日本酒の達人と旅のプロが旨い酒との出会いにいて語り合いました
150種以上の日本酒がずらりと並ぶ「名酒センター 御茶ノ水店」に顔を揃えたのは、全国各地の酒蔵を訪問してきた日本酒の達人と旅のプロの4名。「楽しい酒蔵めぐり」をテーマに、おすすめの酒のまちや酒蔵、蔵元と仲よくなるテクニックまで、日本酒を飲みながら放談します。
旅先の地酒はその土地の郷土料理とマリアージュを。
西:日本酒って、基本的にはその地域で食べられているものに合わせて造られていますよね。蔵元のまちを訪ねると「こういう料理が食べられるからあの味があるんだ」と、ストーリーがつながってきます。
阿部:魚が獲れる地域では魚に合う酒質ですし、海なし県だと発酵技術があるので、漬け物などの発酵食品に合う酒質になりますね。
西:例えば長野は、味噌や麹に合わせられるようなガツンとしたお酒が揃っているなと感じます。

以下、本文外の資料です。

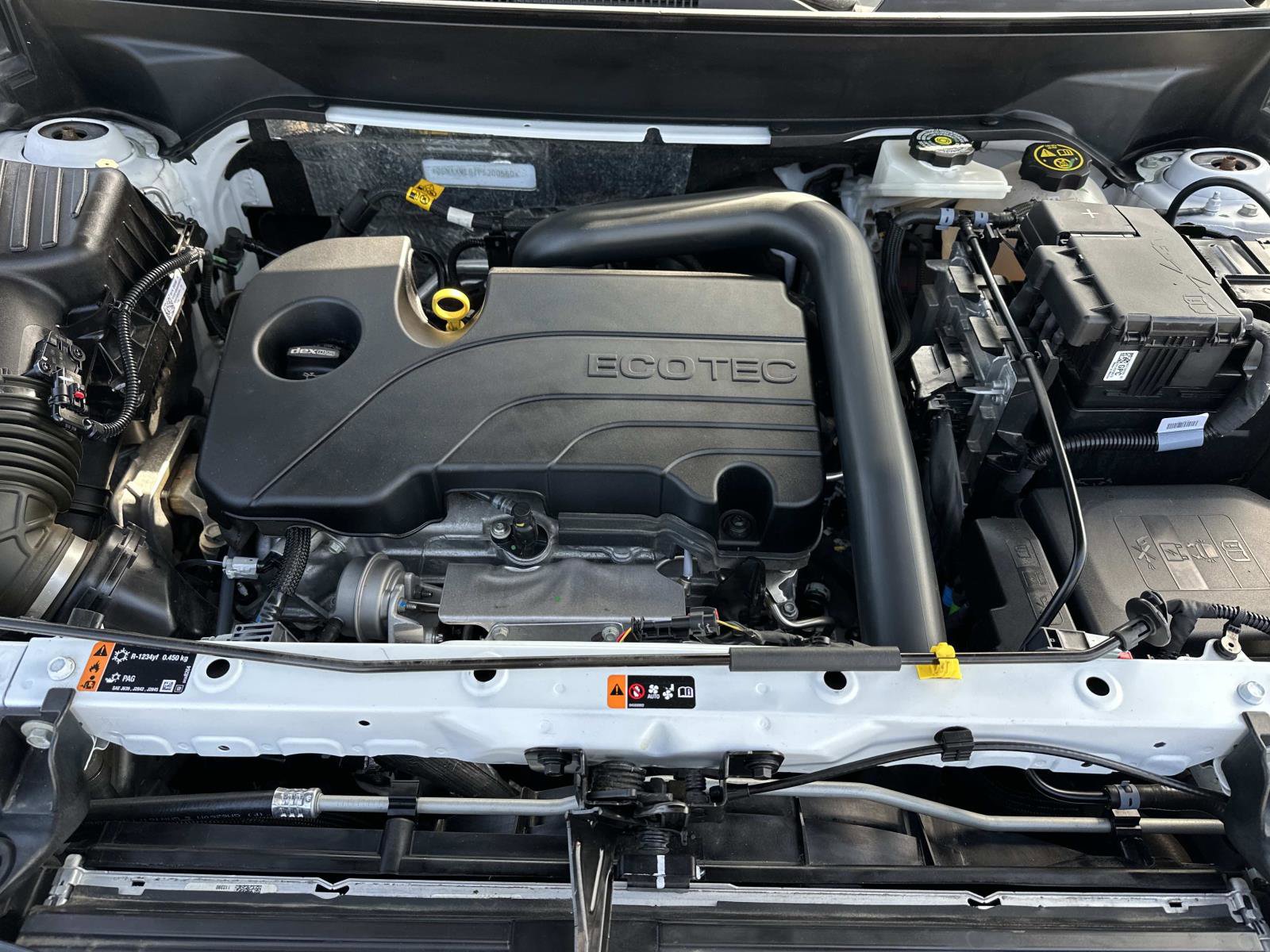 Certified 2023 Chevrolet Equinox RS FWD image 10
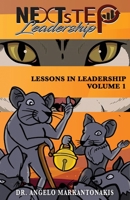 Lessons in Leadership, Volume 1 B09YDF672R Book Cover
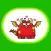 Dramoji - cute dragon stickers pack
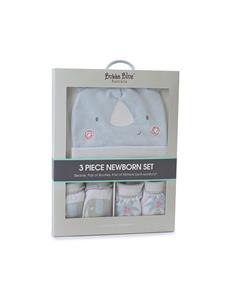 RHINO RUN 3PCS LAYETTE SET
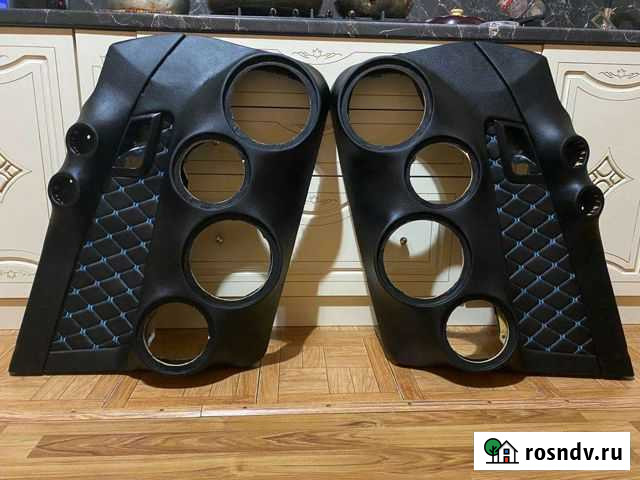 Обшивки на приору Нарткала - изображение 1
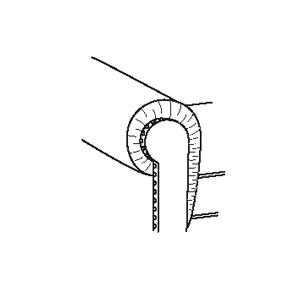 Nailed Panel Arm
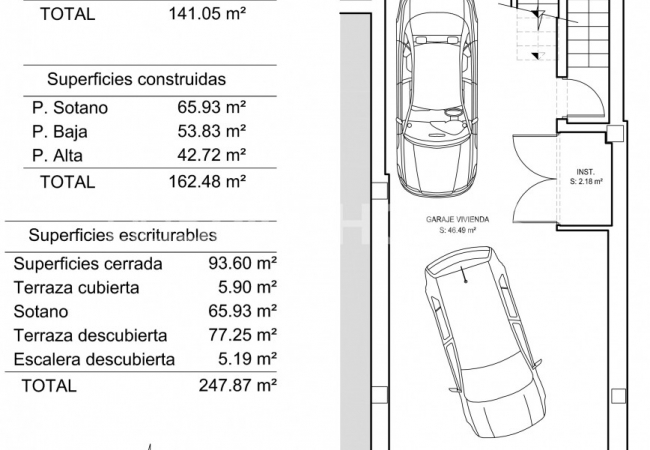 New Sea View Houses Close to the Beach in Nerja Spain 44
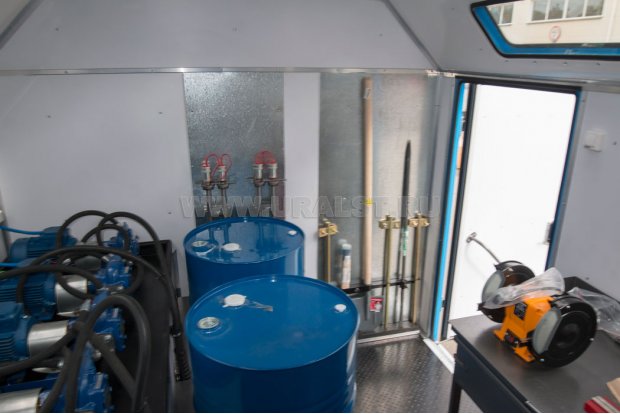 Ремонтный отсек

武舎:そういえば醤油って、西へ行くほど甘くなるじゃないですか。それがお酒と連動しているような気がするんですよね。やっぱりお酒もそんな傾向にあるかと…。
阿部:味覚のバランスが取れなくなるから、料理の味わいに合わせて酒質も変わるんでしょうね。郷土料理と一緒に地酒を味わうと、体がすごく喜んでいるように感じますし。

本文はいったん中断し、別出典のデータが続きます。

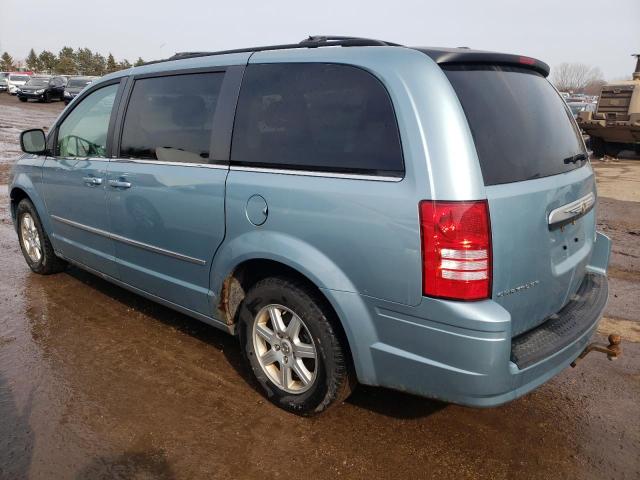 Photo 2 from auction – 2010 CHRYSLER TOWN & COU with VIN 2A4RR5D1XAR494737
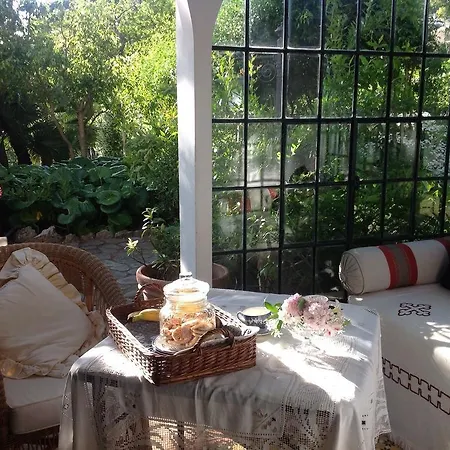 Bed & Breakfast Iutta Capri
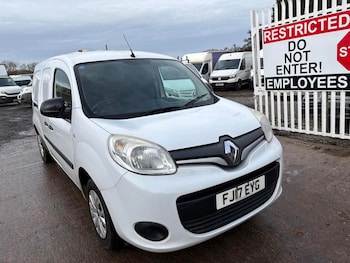Renault Kangoo Maxi feature image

岩井:山間の蔵元の酒は山の幸に合うように、海辺の蔵元の酒は海の幸に合うようにできているけれど、東京に進出するとペアリングとかを考えて、どうしても東京の味に寄せてしまうんですよ。それで地酒らしさが薄まってしまう。やっぱり地方に行った時の方が、いい意味で野暮ったくて味わい深い日本酒が楽しめると思います。
西:旅先で地酒を飲む時には、ぜひその土地ならではの料理と合わせて楽しんでほしいですね。

水のきれいな場所に名酒のまちあり!
岩井:酒の味に大きく影響してくるのが水です。特に、水の都と呼ばれている京都府の伏見には、良質な水が湧き出る井戸が点在していて、水めぐりも楽しいですよ。いろいろ飲み比べると硬い水や軟らかい水、果実の香りがするような水も。

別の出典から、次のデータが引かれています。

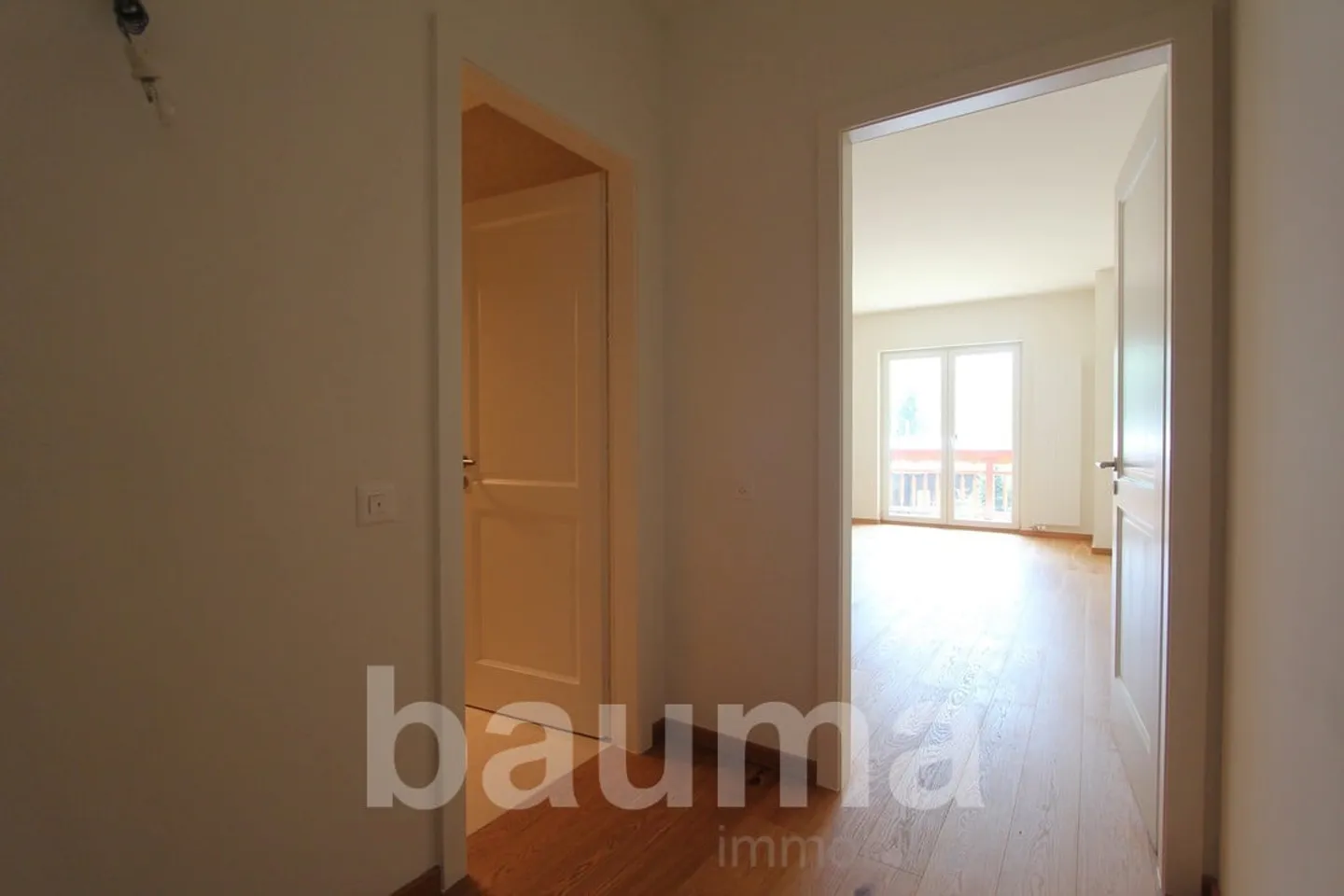 LOT 1 - Duplex di 4,5 stanze con giardino - Foto 12 di 13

阿部:日本酒を飲む時、酔いを和らげるために一緒に飲む水を「和らぎ水」と言いますが、地酒を飲みながらその土地の水を「和らぎ水」として飲むと、地域の雰囲気なども肌で感じられるのでおすすめですね。
武舎:私も水を巡る旅を提案したいです。岩手県盛岡市にある蔵元「あさ開」さんですが、近くの大慈寺界隈から湧き出ている清水を仕込み水に使っています。町内に共同井戸もあり誰でも自由に汲むことができるので、酒蔵めぐりをするなら仕込み水を飲んで、その源泉をたどる旅もおもしろいと思います。
西:水がおいしい酒のまちといえば、北アルプスの伏流水に恵まれた岐阜県の飛騨高山も。町内に7つの蔵元が点在しているので、「古い町並」の風情を楽しみながら歩いて酒蔵めぐりが楽しめます。
阿部:岐阜県は花酵母を使用したり、熟成古酒やにごり酒に特化する蔵があるなど、個性様々ですよね。
武舎:長野県の諏訪も酒蔵めぐりにおすすめです。街道沿い500mの間に5つの蔵元が並んでいるので、徒歩でも手軽に巡れます。
阿部:広島県の西条駅周辺にも7つの蔵元が点在していますが、毎月10日にはボランティアガイドの方が酒蔵を案内してくれるサービスもありますね。九州だと、佐賀県の鹿島市が酒のまちとして有名です。宿場町の趣が今も残っているので、酒蔵を巡りながら建物を見る楽しみもあると思います。通常は見学できない蔵も中にはあるのですが、蔵開きイベントに合わせて訪問すれば、鹿島市内の6蔵をいっぺんに見学して回ることができますよ。
武舎:春に開催されていますね。
阿部:あと私のおすすめは、兵庫県の灘です。日本一の酒どころとして知られる灘五郷は神戸市灘区から西宮市にわたる5つの地域ですが、阪神電車を自由に乗り降りできる1デイチケットや1デイパスも発売されているので、手軽に電車移動できます。うまくコースを組んで酒蔵を訪ねるのも楽しいですよ。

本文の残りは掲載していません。